Tasnor Ivan "Tas" Bull (31 January 1932 – 29 May 2003), Australian trade union leader, was born in Sydney in 1932. His first name was a combination of Tasmania and Norway, the respective birth places of his mother and father. He grew up in a working-class household in Tasmania. His father, an electrical contractor, had been a seaman. He was raised a member of the Salvation Army. He went to sea in 1946 and became active in the Seamen's Union of Australia (SUA), then controlled by the Communist Party of Australia (CPA), which Bull joined in 1951. He left the CPA in 1959, following the crushing of the Hungarian revolution by the Soviet Union.
After his marriage Bull became a waterside worker (stevedore) in Hobart, joining the powerful Waterside Workers' Federation (WWF), and was soon a job delegate. Later he worked in Melbourne, then Sydney, becoming an experienced negotiator. In Sydney he undertook an industrial law course at Sydney University Law School. In 1967 he was elected a Vigilance Officer; in 1971 he was elected Federal Organiser, and later Assistant General Secretary. In 1984 he succeeded Charlie Fitzgibbon as General Secretary, a post he held until 1992. He also became prominent in the Australian Council of Trade Unions (ACTU). He became an ACTU Vice President in 1987, and Senior Vice President in 1991.

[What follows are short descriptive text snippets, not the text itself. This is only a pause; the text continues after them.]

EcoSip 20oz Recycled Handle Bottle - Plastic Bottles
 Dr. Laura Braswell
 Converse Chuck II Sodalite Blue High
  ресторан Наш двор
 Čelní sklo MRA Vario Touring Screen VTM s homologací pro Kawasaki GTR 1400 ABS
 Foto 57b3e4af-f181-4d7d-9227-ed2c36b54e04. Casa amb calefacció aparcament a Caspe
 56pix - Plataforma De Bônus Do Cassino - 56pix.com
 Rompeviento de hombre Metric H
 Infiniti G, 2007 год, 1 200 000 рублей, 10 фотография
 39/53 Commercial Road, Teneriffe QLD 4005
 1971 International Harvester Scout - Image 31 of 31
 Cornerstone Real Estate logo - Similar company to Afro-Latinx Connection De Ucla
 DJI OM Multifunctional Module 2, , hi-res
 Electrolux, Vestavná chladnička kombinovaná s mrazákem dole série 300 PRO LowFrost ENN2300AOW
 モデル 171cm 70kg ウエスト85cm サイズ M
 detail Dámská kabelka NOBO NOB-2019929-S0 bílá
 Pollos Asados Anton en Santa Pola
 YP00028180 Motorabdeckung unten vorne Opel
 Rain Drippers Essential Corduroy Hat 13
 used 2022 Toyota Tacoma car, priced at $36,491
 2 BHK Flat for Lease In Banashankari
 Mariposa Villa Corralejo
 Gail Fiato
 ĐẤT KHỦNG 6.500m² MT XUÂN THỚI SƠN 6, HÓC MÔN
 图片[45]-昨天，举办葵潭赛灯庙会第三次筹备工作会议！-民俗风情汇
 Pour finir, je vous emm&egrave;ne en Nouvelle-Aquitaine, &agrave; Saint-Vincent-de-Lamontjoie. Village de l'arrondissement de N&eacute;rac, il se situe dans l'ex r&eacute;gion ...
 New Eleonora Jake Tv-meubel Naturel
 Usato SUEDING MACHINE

Bull led the WWF during the period of radical change on the waterfront. Technological change was greatly reducing the size of the workforce, while at the same time there was political pressure to reform waterfront work practices to make the Australian transport sector internationally competitive. In response a process of waterfront reform was begun by the Hawke Labor government. Bull co-operated with the reform, while defending his members' interests. In 1993 the WWF amalgamated with the SUA to form the Maritime Union of Australia (MUA).
Bull was also active in international trade union affairs. From 1972 onwards he worked with the International Transport Workers' Federation, and for ten years until 1993 represented the Asia/Pacific region on its executive board.
Following his retirement in 1993 Bull remained active in various left-wing and union causes, and published his autobiography ''Life on the Waterfront'' in 1998.